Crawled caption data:
BEGIN

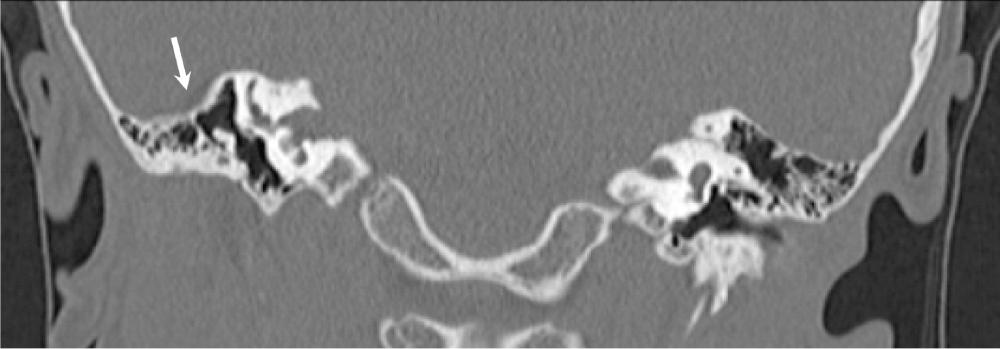 Fig. 135.2, Coronal computed tomography with the down-sloping lateral tegmen characteristic in a child with congenital aural atresia (arrow) . There is normal middle ear anatomy.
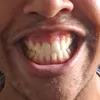 prontofalo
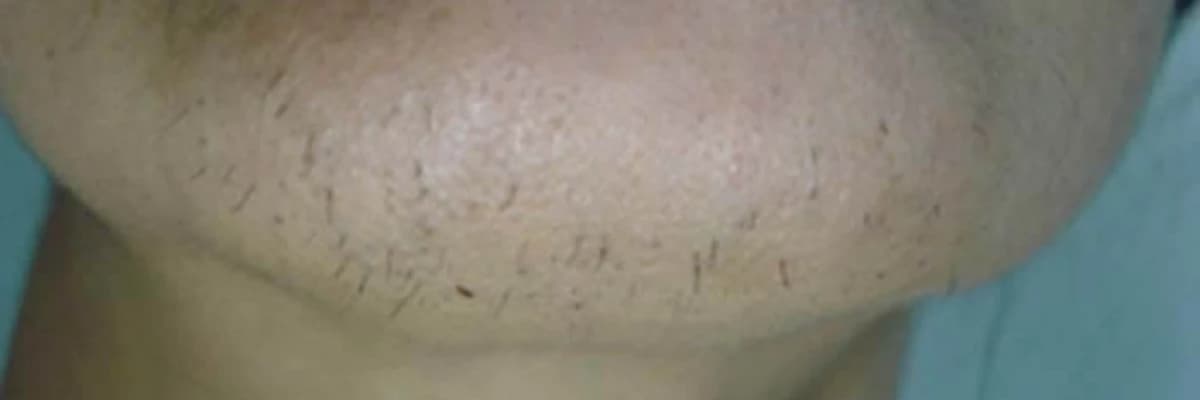 Hirsutizm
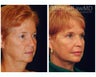 Facial Rejuvenation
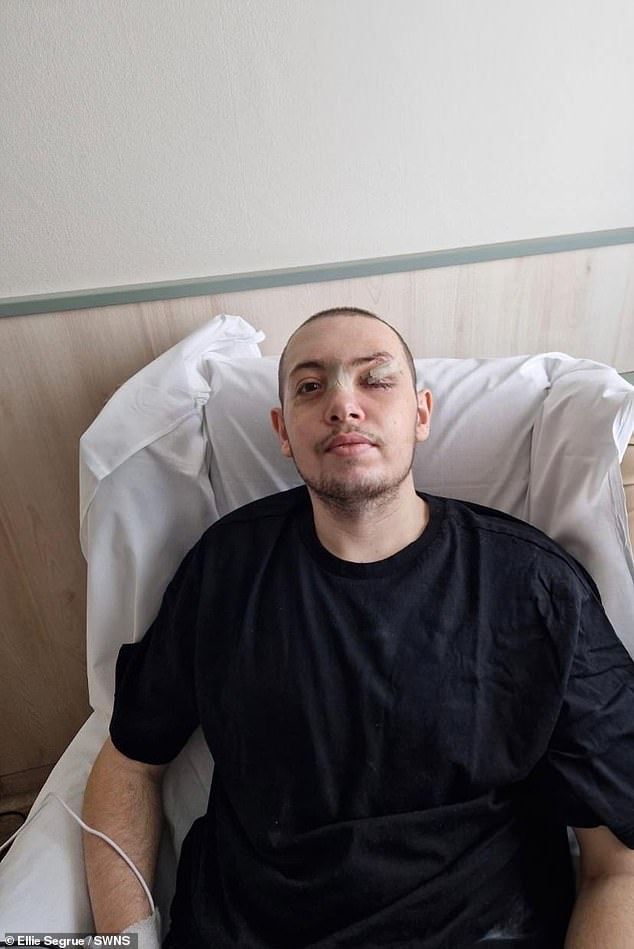 Mr. Ziv is recovering in the hospital. Once he got home. Mr. Ziv became aware of his scars. He said: 'I didn't want anyone to look at me. It was horrible'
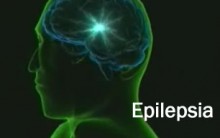 Epilepsia – Sintomas E Tratamento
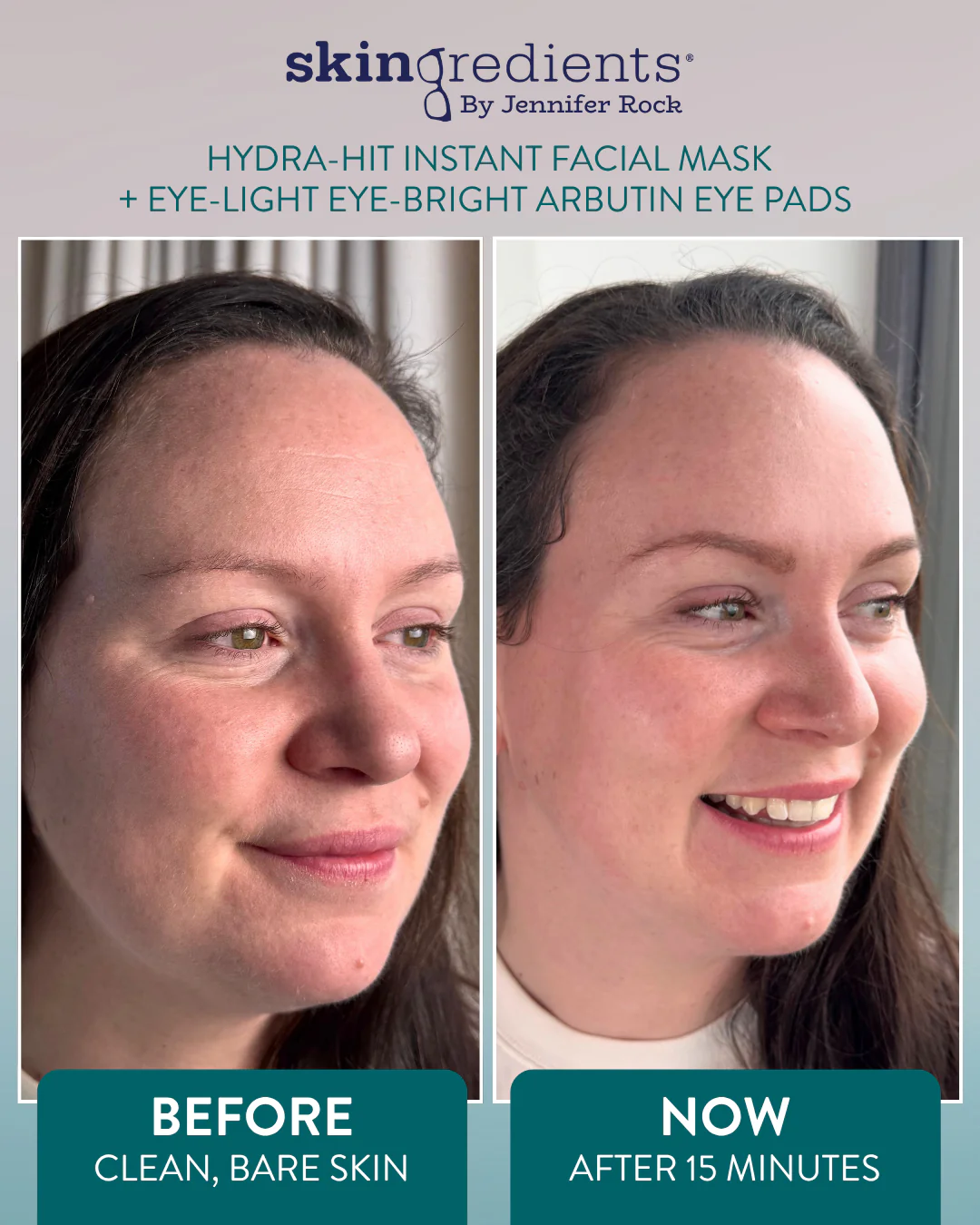 Skingredients Hydra-Hit Instant Facial Mask - Image 9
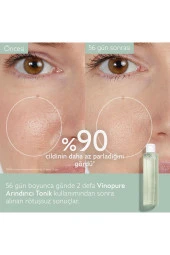Caudalie Vinopure Arındırıcı Tonik 200 ml thumbnail 3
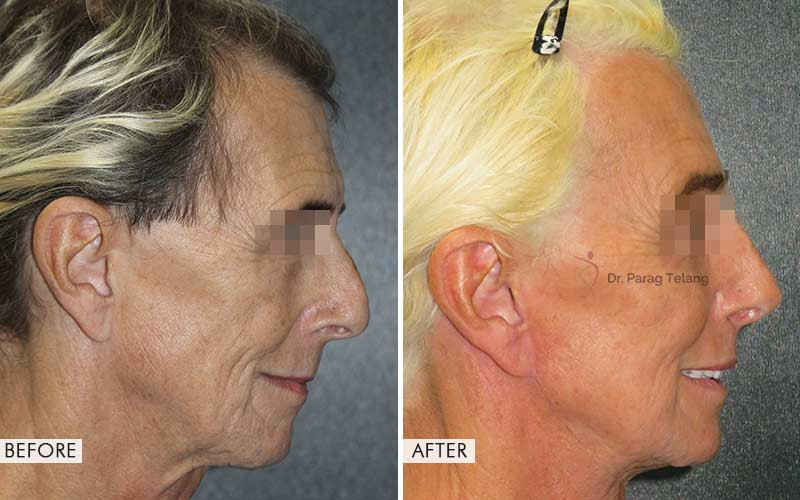 facial-feminization-surgery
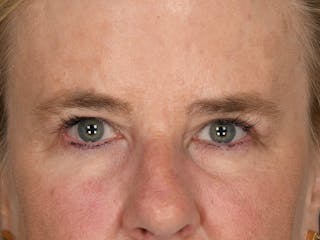 Blepharoplasty Before & After Gallery - Patient 251875 - Image 2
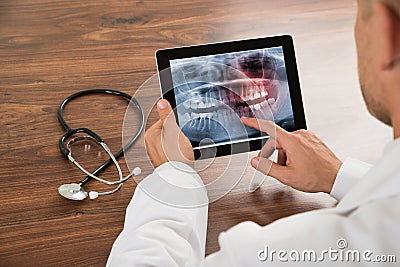 Doctor looking at human teeth x-ray Stock Photo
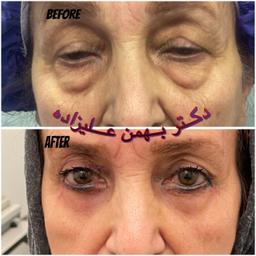 تصویر گالری بهمن علیزاده 16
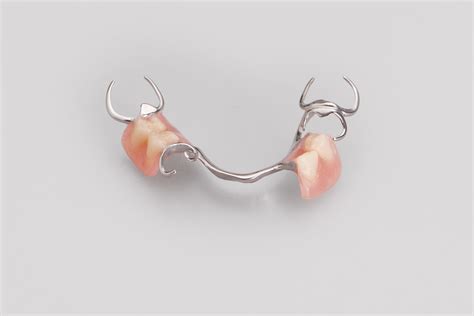 Metal Partial Dentures - Dandy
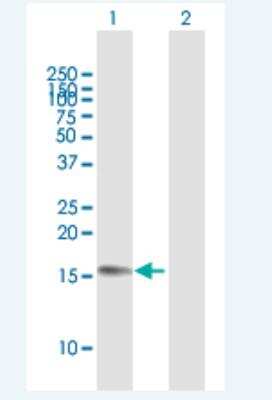 Western Blot: ZC3H18-AS1 Antibody [H00400555-B01P-50ug]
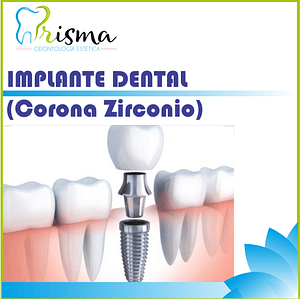 IMPLANTE DENTAL CON CORONA EN ZIRCONIO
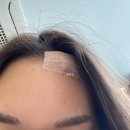 박종태 | 피지낭종 제거후기, 실비 가능 :: 박종태 유바외과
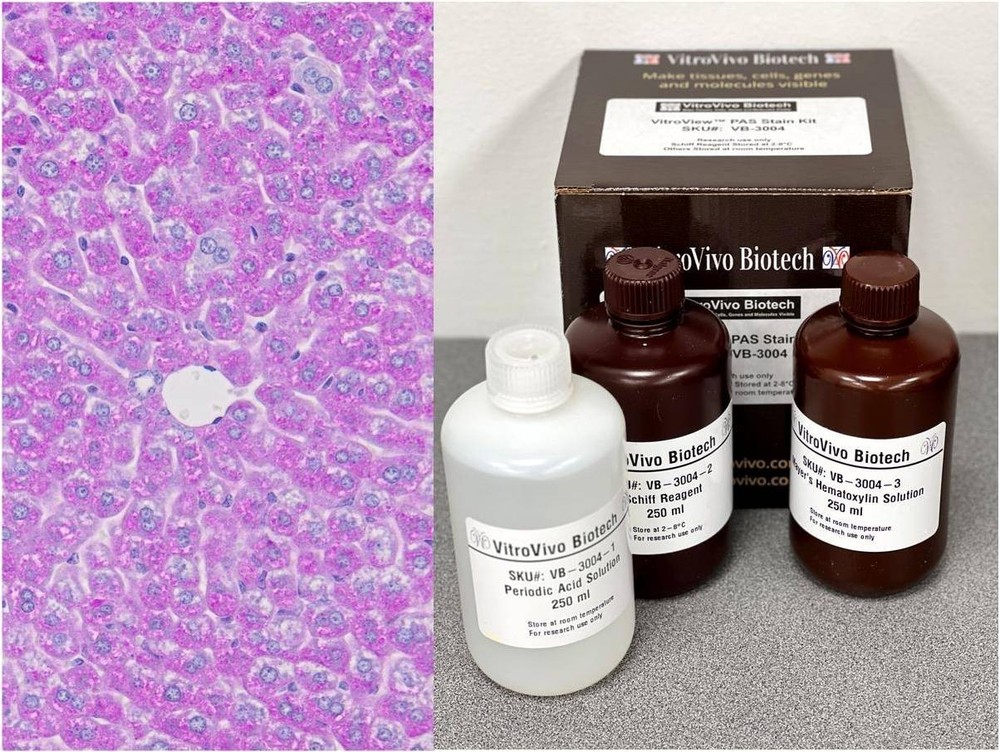 VitroView™ PAS Stain Kit (Cat#VB-3004)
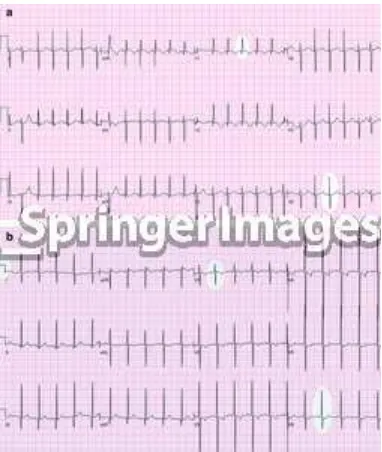Gambar 4. EKG pada neonates dengan koartasio aorta.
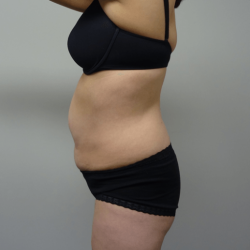 Manhattan abdominoplasty before 5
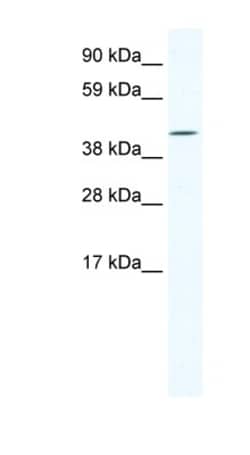 IRX6 Antibody, Novus Biologicals 100&mu;L; Unlabeled:Antibodies, Polyclonal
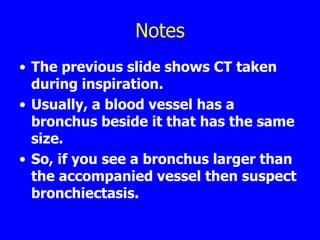 Notes
• The previous slide shows CT taken
  during inspiration.
• Usually, a blood vessel has a
  bronchus beside it that has the same
  size.
• So, if you see a bronchus larger than
  the accompanied vessel then suspect
  bronchiectasis.
 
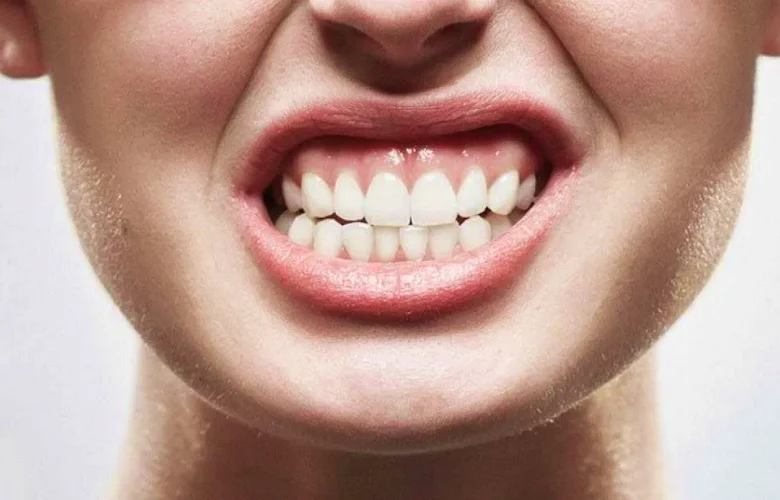 ما هي النتائج المترتبة على الاصابة بسوء إطباق الأسنان؟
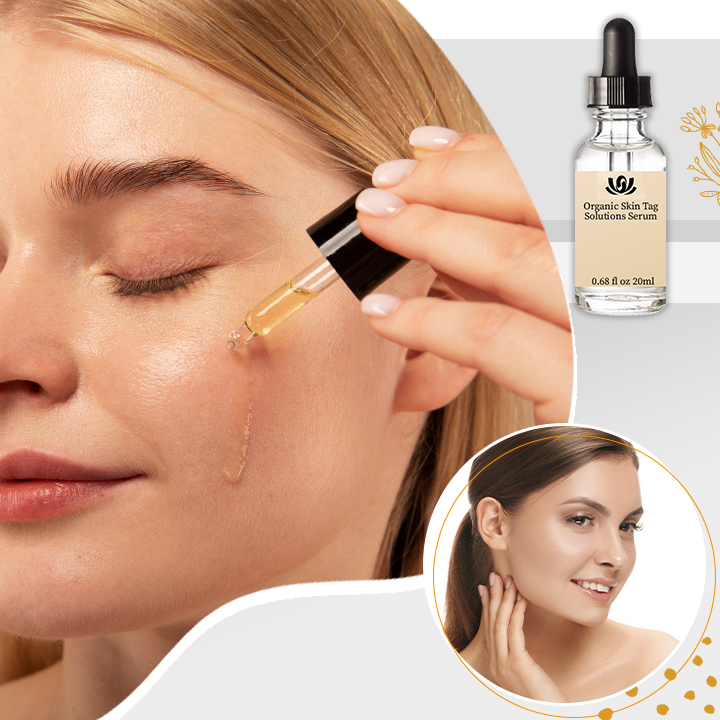 Spotless Skin™ | Biologisch Huidtagoplossingen Serum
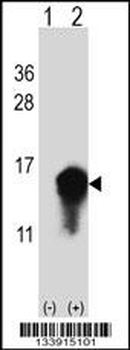 CSTA Antibody (C-term)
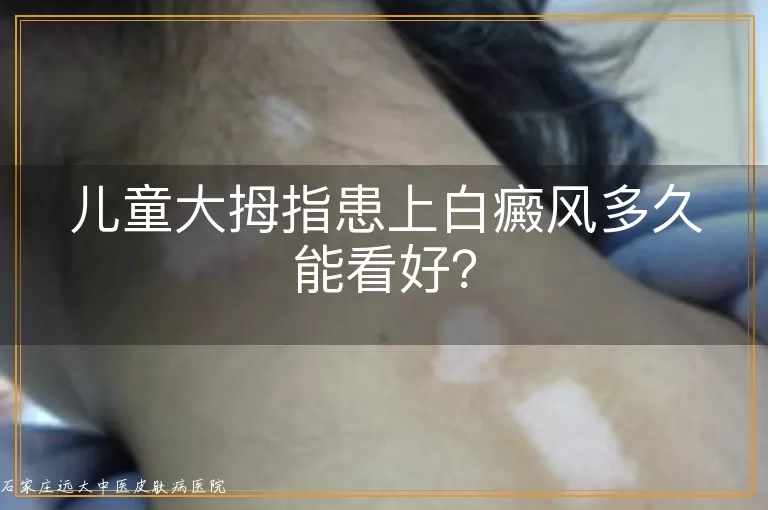 儿童大拇指患上白癜风多久能看好?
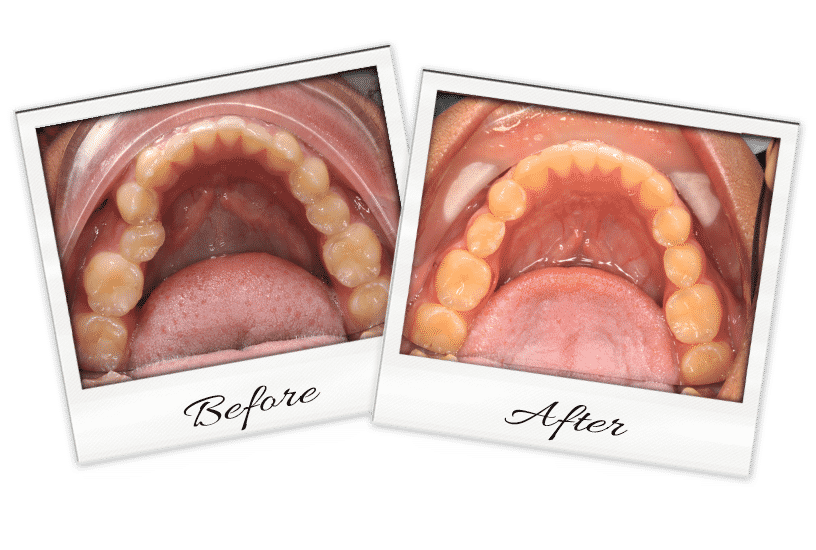 Ortho-6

END

_Prompt:_ All records above are to be repeated exactly, with the images left out.

_Answer box:_
 Fig. 135.2, Coronal computed tomography with the down-sloping lateral tegmen characteristic in a child with congenital aural atresia (arrow) . There is normal middle ear anatomy.
 prontofalo
 Hirsutizm
 Facial Rejuvenation
 Mr. Ziv is recovering in the hospital. Once he got home. Mr. Ziv became aware of his scars. He said: 'I didn't want anyone to look at me. It was horrible'
 Epilepsia – Sintomas E Tratamento
 Skingredients Hydra-Hit Instant Facial Mask - Image 9
Caudalie Vinopure Arındırıcı Tonik 200 ml thumbnail 3
 facial-feminization-surgery
 Blepharoplasty Before & After Gallery - Patient 251875 - Image 2
 Doctor looking at human teeth x-ray Stock Photo
 تصویر گالری بهمن علیزاده 16
 Metal Partial Dentures - Dandy
 Western Blot: ZC3H18-AS1 Antibody [H00400555-B01P-50ug]
 IMPLANTE DENTAL CON CORONA EN ZIRCONIO
 박종태 | 피지낭종 제거후기, 실비 가능 :: 박종태 유바외과
 VitroView™ PAS Stain Kit (Cat#VB-3004)
Gambar 4. EKG pada neonates dengan koartasio aorta.
 Manhattan abdominoplasty before 5
 IRX6 Antibody, Novus Biologicals 100&mu;L; Unlabeled:Antibodies, Polyclonal
 Notes
• The previous slide shows CT taken
  during inspiration.
• Usually, a blood vessel has a
  bronchus beside it that has the same
  size.
• So, if you see a bronchus larger than
  the accompanied vessel then suspect
  bronchiectasis.
 
 ما هي النتائج المترتبة على الاصابة بسوء إطباق الأسنان؟
 Spotless Skin™ | Biologisch Huidtagoplossingen Serum
 CSTA Antibody (C-term)
 儿童大拇指患上白癜风多久能看好?
 Ortho-6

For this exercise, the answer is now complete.